Figure 7. Temporal modularity in UNC-30/Pitx function in GABAergic MNs.

(A) Schematic summarizing the expression of cfi-1/Arid3a, unc-3/Ebf, unc-30/Pitx, unc-25/GAD, and unc-47/VGAT in MN subtypes of the C. elegans ventral nerve cord. (B) Schematic showing time of birth and cell body position of GABAergic nerve cord MNs. DD neurons are born embryonically. VD neurons are born post-embryonically. (C) Bioinformatic analyses predict 4 UNC-30 binding sites (yellow boxes) in the cfi-1 enhancer.

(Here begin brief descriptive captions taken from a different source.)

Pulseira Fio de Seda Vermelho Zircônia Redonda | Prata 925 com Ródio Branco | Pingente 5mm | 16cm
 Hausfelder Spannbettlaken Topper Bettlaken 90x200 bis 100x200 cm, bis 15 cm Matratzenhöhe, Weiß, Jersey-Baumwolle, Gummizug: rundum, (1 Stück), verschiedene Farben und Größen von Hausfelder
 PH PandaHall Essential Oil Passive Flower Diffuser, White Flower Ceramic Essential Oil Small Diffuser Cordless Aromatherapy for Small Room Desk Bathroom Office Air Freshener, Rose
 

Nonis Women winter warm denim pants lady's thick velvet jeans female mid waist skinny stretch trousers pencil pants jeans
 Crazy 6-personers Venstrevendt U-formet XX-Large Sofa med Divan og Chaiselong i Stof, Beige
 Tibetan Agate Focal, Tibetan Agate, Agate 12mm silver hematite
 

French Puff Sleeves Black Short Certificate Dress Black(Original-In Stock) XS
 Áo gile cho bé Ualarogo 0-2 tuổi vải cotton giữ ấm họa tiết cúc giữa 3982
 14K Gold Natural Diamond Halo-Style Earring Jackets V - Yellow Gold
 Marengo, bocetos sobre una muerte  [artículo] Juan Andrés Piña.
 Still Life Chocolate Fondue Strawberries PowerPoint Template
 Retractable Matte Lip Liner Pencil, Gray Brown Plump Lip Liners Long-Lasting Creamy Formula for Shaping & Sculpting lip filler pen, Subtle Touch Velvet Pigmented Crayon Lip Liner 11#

The location of UNC-3 and LIN-39 binding sites are also shown. (D) Top: snapshots of UNC-30 ChIP-Seq and input (negative control) signals at the cis-regulatory regions of 2 GABAergic terminal identity genes (unc-25/GAD, unc-47/VGAT). Bottom: quantification of the expression of transgenic reporters in WT and unc-30 (e191) animals at four different developmental stages – 3-fold embryo, L2, L4, and day 1 adults (N = 15). UNC-30 is required for both initiation and maintenance of unc-25/GAD and unc-47/VGAT. ***p<0.001. (E) Top: a snapshot of UNC-3 ChIP-Seq and UNC-30 ChIP-Seq signals at the cfi-1 locus. Bottom: quantification of the number of MNs expressing the endogenous reporter mNG::AID::cfi-1 in WT and unc-30 (e191) animals. All cfi-1-expressing MNs in the ventral cord (cholinergic and GABAergic MNs) were counted in 3-fold embryos due to a lack of a specific marker that labels GABAergic MNs in embryos. Expression of cfi-1 specifically in GABA neurons was quantified at L2, L4, and day 1 adult stages (N ⩾ 12). At those stages, cholinergic MNs were identified based on a fluorescent marker (cho-1::mChOpti), which are ruled out during scoring. GABAergic MNs were scored positive for cfi-1 expression when the mNG::AID::cfi-1 (green) expression co-localized with ttr-39::mCherry (red). N.S.: not significant, ***p<0.001.